Headless corpse identified
Police on Wednesday identified a head found hanging from a Bangkok bridge and a headless body discovered floating in the river below as an Italian man — Maurizio Tosadori, 52, from Verona — who they said had killed himself. The body parts were discovered separately on Saturday and Sunday, prompting a media frenzy over the identity of the foreigner and the circumstances of his death, which police at the time said could be murder. A police spokesman said the man almost certainly hanged himself by jumping off the Rama VIII bridge, with the force of the fall ripping the head from the body.
Sex tape rocks party
A videotape showing a top ethnic Chinese politician engaging in illegal sex acts has resurfaced, causing a rift in his party that could rock the ruling coalition, already weakened by electoral losses. A split in the Malaysian Chinese Association (MCA) party, the second biggest component of the ruling National Front coalition, bodes ill for the government whose popularity has plummeted in recent months. The fighting is between MCA President Ong Tee Keat and his deputy and rival, Chua Soi Lek, who has acknowledged being the person in the videotape that first surfaced in 2007 showing him having sex with a woman other than his wife. On Monday, police questioned Chua for allegedly engaging in oral sex — or “carnal intercourse against the order of nature” — which is illegal in Malaysia.
Immolation bid injures two
Two of three people who set themselves on fire in Beijing suffered serious, but non-life-threatening injuries, state media reported yesterday, revealing that one was a woman. The report by Xinhua news agency gave no other information on the identities or motive of the trio in Wednesday’s incident, beyond a police statement that they came to Beijing to petition over an unspecified personal grievance. It gave no information on the third person, whom the China Daily said was believed taken into custody. Xinhua had originally said they were all men.
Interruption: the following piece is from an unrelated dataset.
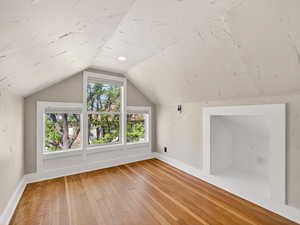Views of tree-lined street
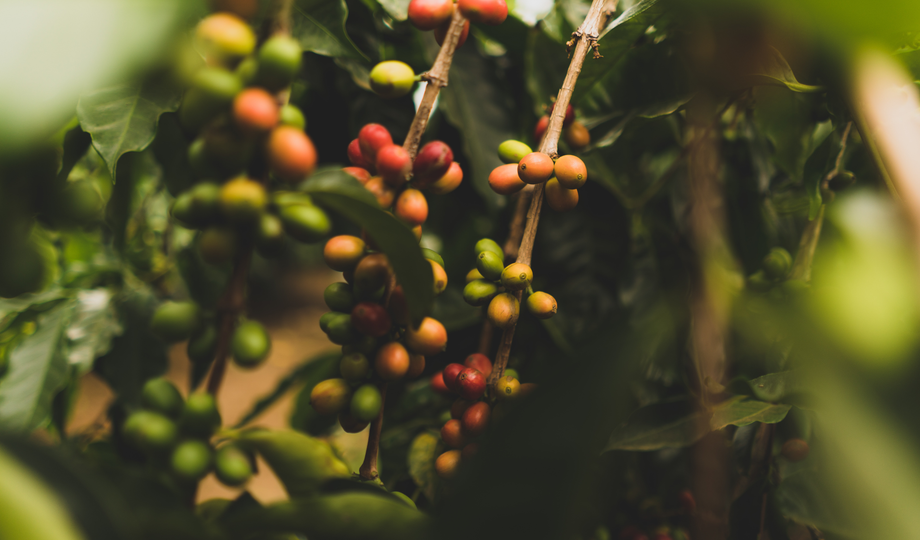 Auto generated site coffee house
Anti-drug efforts fail: official
The global anti-drug effort is failing to effectively combat the emergence of a criminal market of “staggering proportions,” a UN official said yesterday. Antonio Maria Costa, executive director of the UN Office of Drugs and Crime, speaking to officials marking a century of international efforts to curb trafficking in opium and other narcotics, said: “We must have the courage to look at the dramatic, unintended consequences of drug control: the emergence of a criminal market of staggering proportions.” Countries have so far failed to implement anti-crime measures in a way that has had an impact, he said.
Teens addicted to phones
Cellphones are taking center stage in the lives of Japanese teenagers, who often send or receive dozens of e-mails a day while eating, attending class or even taking a bath, a survey said. Around 46 percent of middle school students and 96 percent of high school students carry a mobile telephone, the research shows. One in four school children aged 11 to 12 has one. One in five middle school students sends or receives 50 or more e-mails on his or her phone each day, according to the education ministry survey of more than 10,000 children. Of these, 7 percent said they sent e-mail more than 100 times a day.